Map of Colonial Boston
Established: 1630
Established by: England

Several prehistoric Native American archaeological sites that were excavated in the city have shown that the peninsula was inhabited as early as 5,000 BC.  Boston's early European settlers first called the area Trimountaine, but later renamed the town after Boston, Lincolnshire, England, from which several prominent colonists had emigrated.

Boston was founded on September 17, 1630, by Puritan colonists from England.  The Puritans of the Massachusetts Bay Colony are sometimes confused with the Pilgrims, who founded Plymouth Colony ten years earlier in what is today Bristol County, Plymouth County, and Barnstable County, Massachusetts.  The two groups, which differed in religious practice, are historically distinct.  The separate colonies were not united until the formation of the Province of Massachusetts Bay in 1691.

Massachusetts Bay Colony's original governor, John Winthrop, gave a famous sermon entitled "A Model of Christian Charity," popularly known as the "City on a Hill" sermon, which captured the idea that Boston had a special covenant with God.  (Winthrop also led the signing of the Cambridge Agreement, which is regarded as a key founding document of the city.)

Puritan ethics molded a stable and well-structured society in Boston. For example, shortly after Boston's settlement, Puritans founded America's first public school, Boston Latin School (1635) and America's first college, Harvard College (1636). Boston was the largest town in British North America until the mid-1700s.
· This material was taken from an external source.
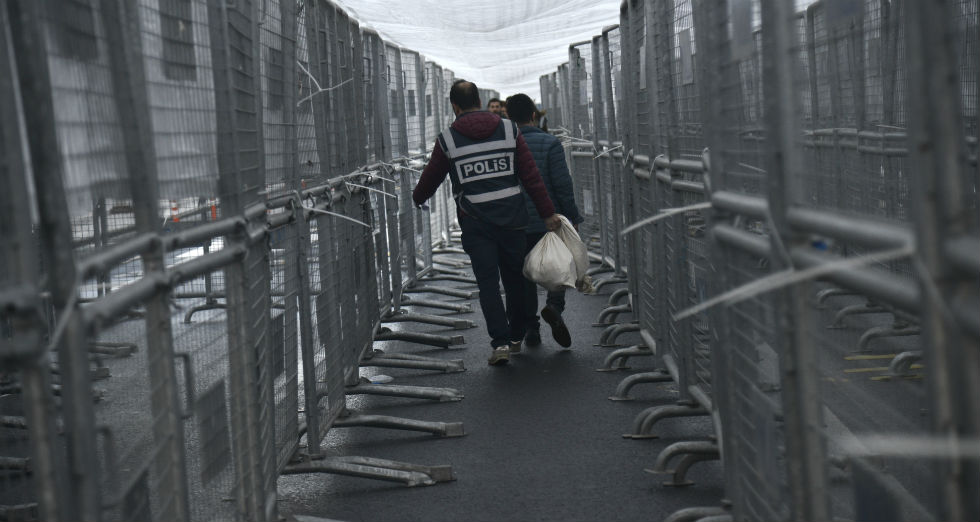 Σκληρή μάχη για τους δύο μεγάλους δήμους της Τουρκίας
In the 1770s, British attempts to exert more-stringent control on the Thirteen Colonies prompted Bostonians to initiate the American Revolution.  The Boston Massacre, the Boston Tea Party, and several early battles—including the Battle of Lexington and Concord, Battle of Bunker Hill, and the Siege of Boston—occurred in or near the city. During this period, Paul Revere made his famous midnight ride.